- [RECORDS SHOWN]
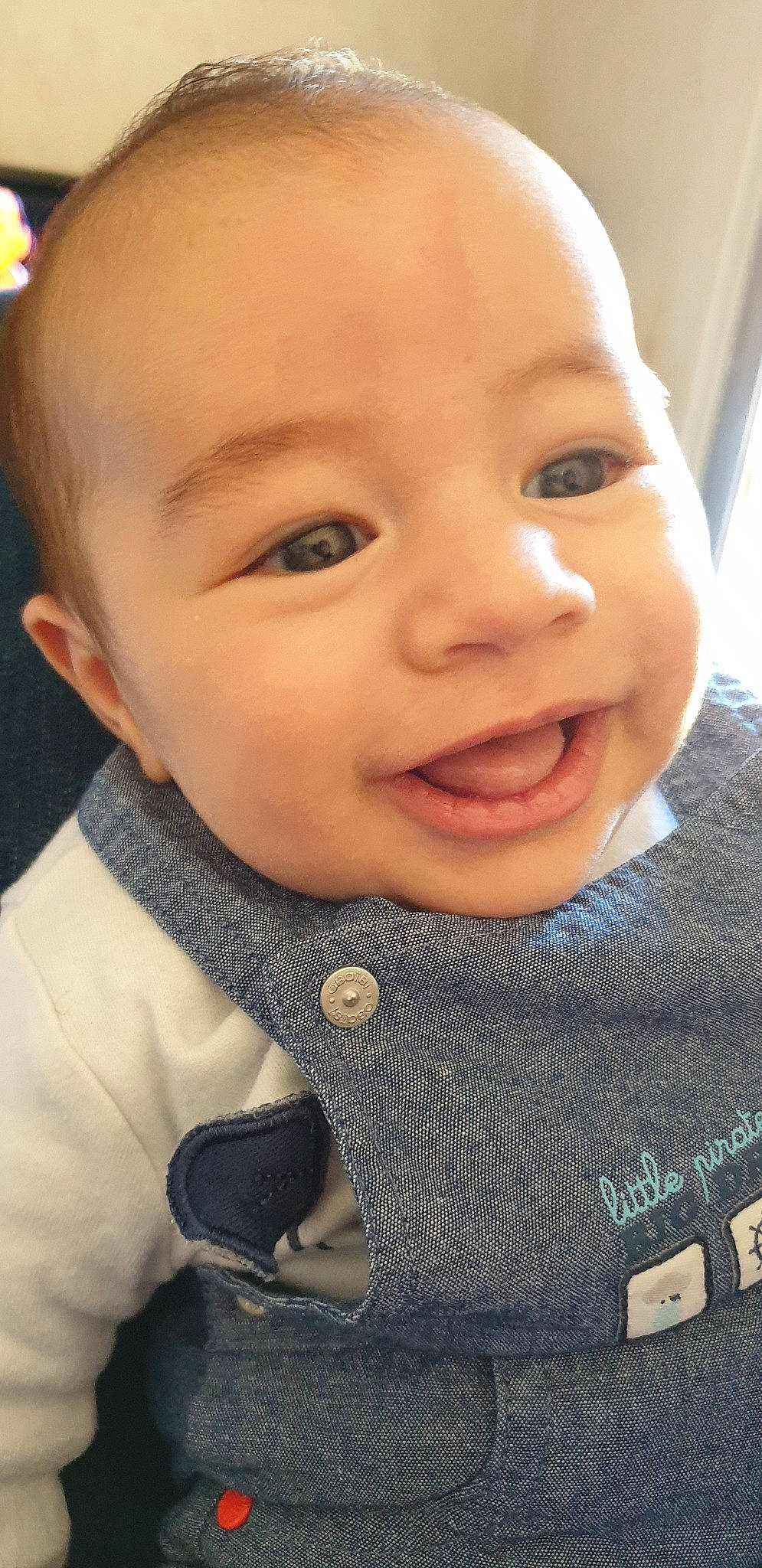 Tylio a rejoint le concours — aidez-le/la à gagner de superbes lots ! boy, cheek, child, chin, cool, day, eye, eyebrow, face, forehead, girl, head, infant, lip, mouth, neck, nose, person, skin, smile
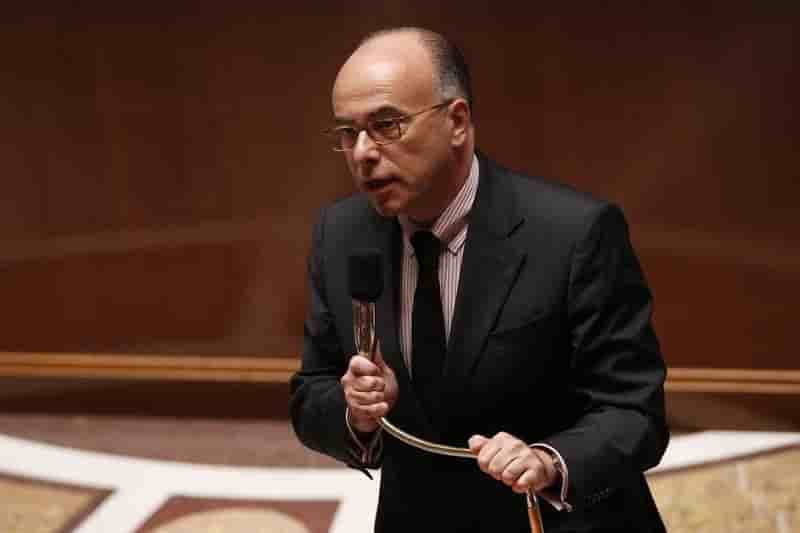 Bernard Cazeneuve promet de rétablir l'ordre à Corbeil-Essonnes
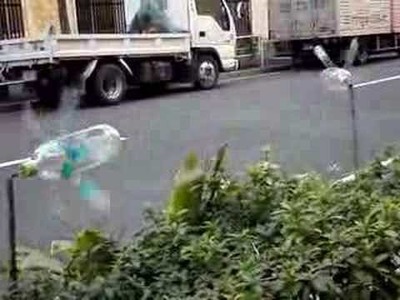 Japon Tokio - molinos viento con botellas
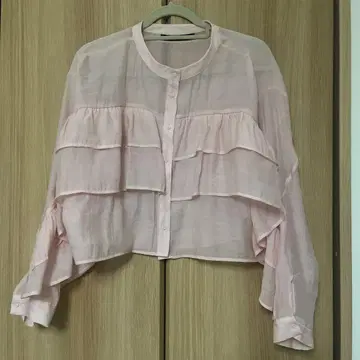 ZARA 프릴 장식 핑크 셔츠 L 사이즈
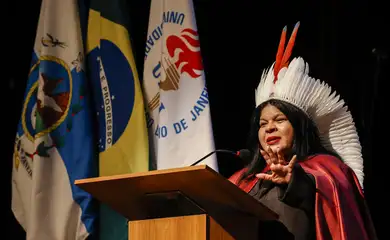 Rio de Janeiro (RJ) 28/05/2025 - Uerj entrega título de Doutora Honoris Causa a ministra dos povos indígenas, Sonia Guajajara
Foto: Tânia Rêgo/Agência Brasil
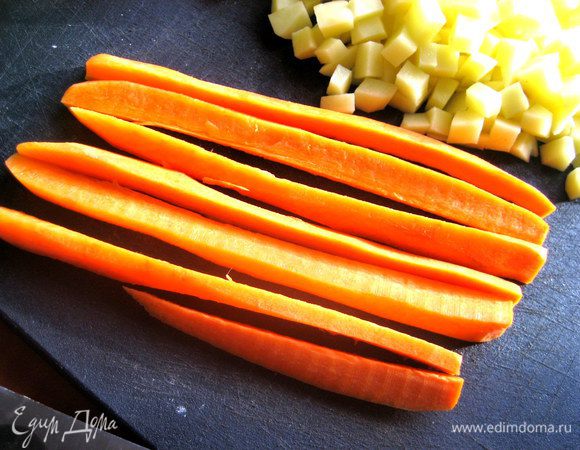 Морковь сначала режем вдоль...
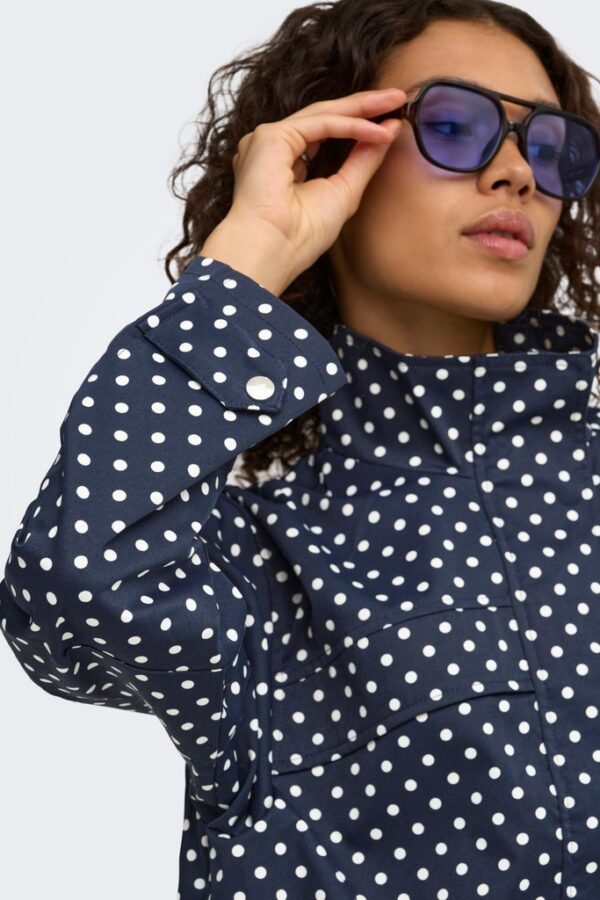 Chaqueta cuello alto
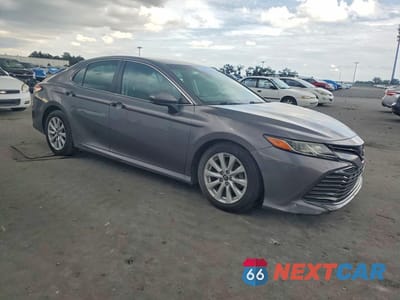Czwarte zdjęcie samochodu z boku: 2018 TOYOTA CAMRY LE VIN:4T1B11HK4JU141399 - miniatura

- [TASK STATEMENT]
Once the line containing "Japon Tokio - molinos viento con botellas" is found, write it out exactly along with every line after it through the end of the listing, excluding pictures.

- [OUTPUT OF THE TASK]
 Japon Tokio - molinos viento con botellas
 ZARA 프릴 장식 핑크 셔츠 L 사이즈
 Rio de Janeiro (RJ) 28/05/2025 - Uerj entrega título de Doutora Honoris Causa a ministra dos povos indígenas, Sonia Guajajara
Foto: Tânia Rêgo/Agência Brasil
 Морковь сначала режем вдоль...
 Chaqueta cuello alto
Czwarte zdjęcie samochodu z boku: 2018 TOYOTA CAMRY LE VIN:4T1B11HK4JU141399 - miniatura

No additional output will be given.